G-BA's transparency requirements for evidence synthesis methodology are stringent. The dossier must contain sufficient detail for an independent reviewer to assess the credibility of the literature search and screening process. AI-generated searches that cannot be independently reproduced fail this requirement and expose the submission to formal clarification requests. IQWiG, G-BA's scientific advisory body, has not yet issued specific AI guidance but applies its standard transparency requirements to AI-assisted work without modification.[3]
ICER's evidence standards increasingly mirror PRISMA-level methodology documentation requirements for systematic reviews. For evidence reports that inform US payer negotiations, the quality of SLR methodology is a direct input to ICER's assessment of the certainty of clinical evidence, with methodology limitations downgrading the certainty rating in ways that affect the MFP range.[6]

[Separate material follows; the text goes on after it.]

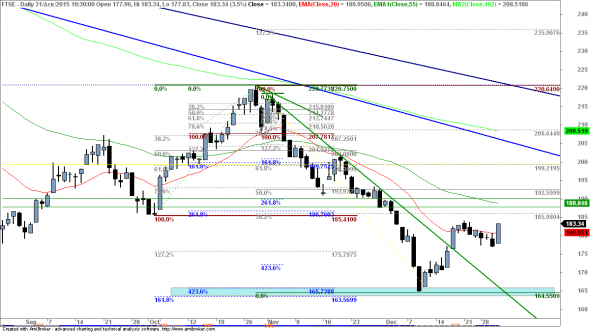 ftse-3112D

A PRISMA-compliant AI SLR architecture requires eight specific capabilities that most generic AI literature tools do not provide.[4]
1. Protocol module: PICOS framework definition with documentation, search string generation with full transparency, database selection justification, inclusion and exclusion criteria specification, and protocol pre-registration support for PROSPERO or OSF.
2. Documented search execution: Automated execution of documented, reproducible search strings across PubMed, Embase, Cochrane, and additional databases. Exact search strings recorded with date and time stamp. Search strings exportable in a format that allows independent replication.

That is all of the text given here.